David Winkler group
Molecular AI and machine learning
Computation is the third arm of research, after theory and experiment. Computation and simulation of molecular systems is becoming indispensable for 21st century science. However, the size, scale and complexity of realistic materials-biology interactions precludes the application of rigorous, physics-based computational methods like molecular dynamics and quantum chemistry. AI and machine learning are making spectacular inroads into solving some of these very complex problems. Some of our project also involve the use of complex systems science thinking.

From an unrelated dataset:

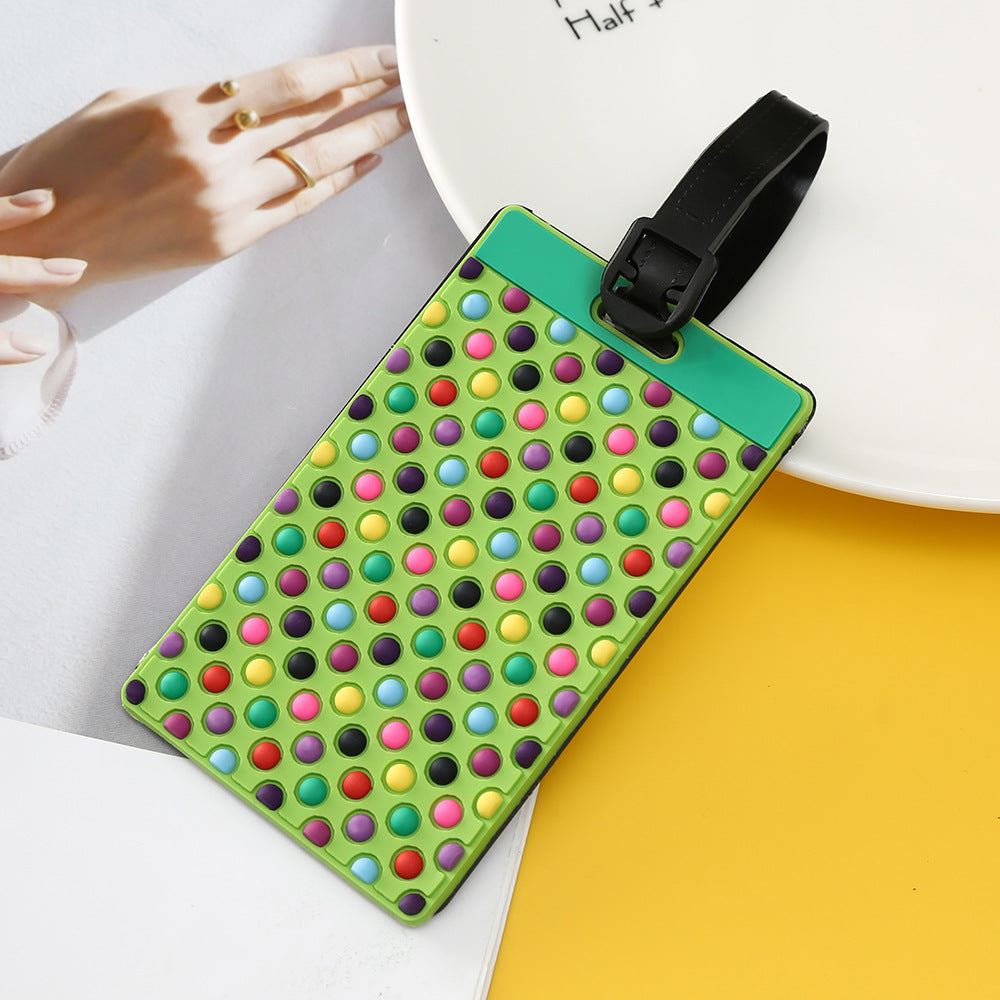 Unisex Geometric Plastic Luggage Tag with Attachment Loop and Info Field, view 14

We use a wide range of computational chemistry and AI-based methods (principally machine learning) to model complex systems to predict their properties and gain insight into mechanism of interaction at the molecular level. As these are broadly applicable platform methods, we collaborate with experimental scientists across a wide range of projects, in several countries, some of which address non-biological structure-property relationships problems in materials.
Research Areas
We have applied advanced informatics and machine learning methods to extract new knowledge from surface analysis methods such as mass spectra. We are applying these methods to materials and tissue profiling of tumour samples (Gardner et al. Anal Chem 2020) and to libraries of biomaterials that are candidates for coatings for implantable and indwelling medical devices (Burroughs et al. PNAS, 2020). We are also using them to develop new, environmentally benign corrosion inhibitors. Corrosion represent and >US$1 trillion impost on industry.

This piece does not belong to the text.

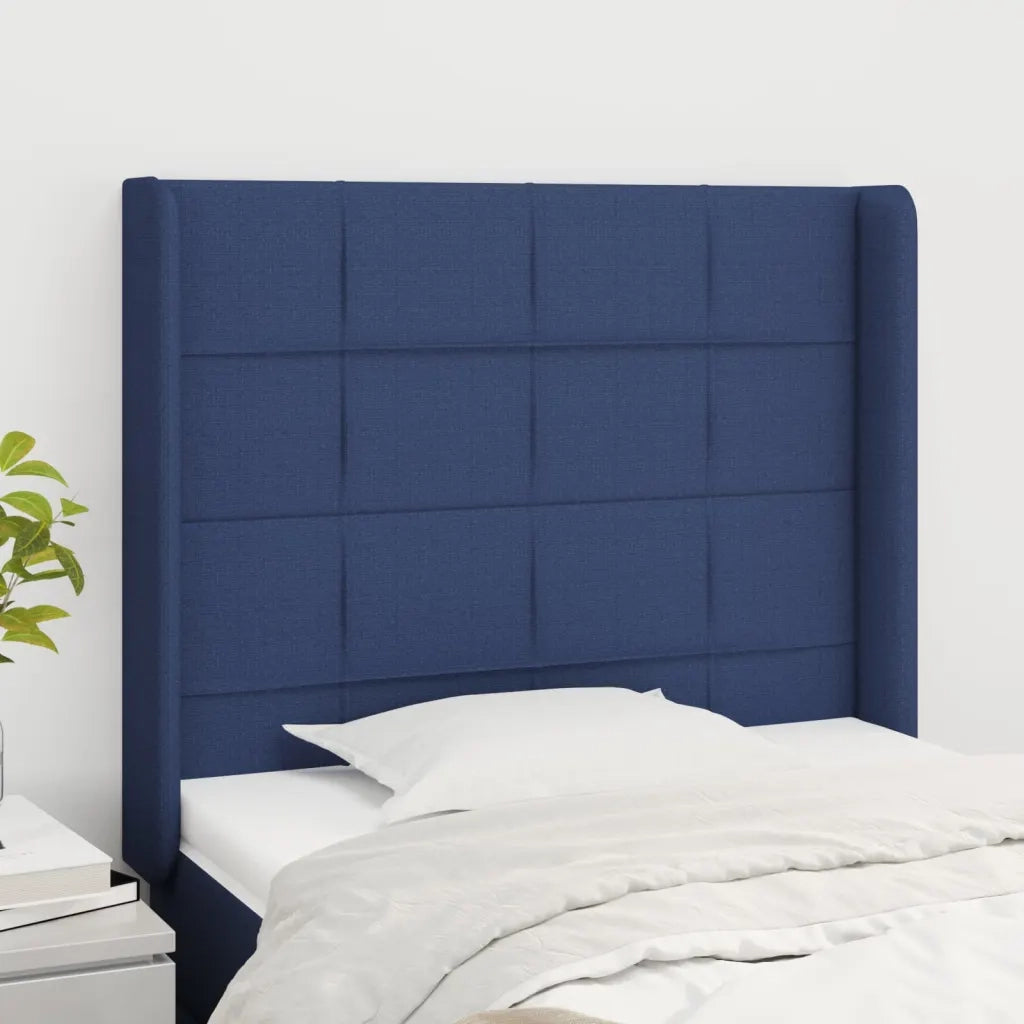 Testiera | Testata ad Orecchio Blu 103x16x118/128 cm in Tessuto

Working with the University of Nottingham on several large EPSRC projects, we are discovering and designing new materials for medical applications. We use data from high throughput experimentation to build predictive models of the biological effects of biomaterials. We have capabilities to explore a large range of surface chemistries and microtopographies and to capture them as novel mathematical descriptors for training machine learning models (Vallieres et al. Science Adv. 2020; Celiz et al. Nature Mater. 2014).
Climate change, increasing mobility of the world's population, reduced habitats, and ageing populations are all contributing the the spread of existing and often poorly treated neglected tropical diseases. These afflict a very large number of people, largely from developing counties in Africa and South America. the COVID19 pandemic and earlier epidemic caused by coronaviruses show how quickly these can massively impact health and economies on a global scale. This research used Ai and machine learning, together with other computational methods like molecular dynamics and docking to repurpose existing drugs, or find new molecular chemotypes as drug leads. Some of this work can be extended to problems in agricultures, specifically insect control.
AI and machine learning developments are appearing at a phenomenal pace, providing solutions to many problems in science, technology, and medicine that have been inaccessible previously. This research area is developing novel methods for mathematical featurisation of large, complex molecules and biologically-relevant entities like proteins, polymers, nanoparticles,, and micro- and nano topographies. When these are coupled to new AI and machine learning methods they will provide greater accuracy and explainability of AI models developed. We are also using fuzzy systems and information theory to improve featurisation and explainability of models, and are developing open access machine learning tools specifically designed for experimental scientists with little experience with AI and machine learning to model their data.
Meet the Team
Group leader
- Professor David Winkler
Group PhD researcher
- Eduardo Aguilar Bejarano (University of Nottingham)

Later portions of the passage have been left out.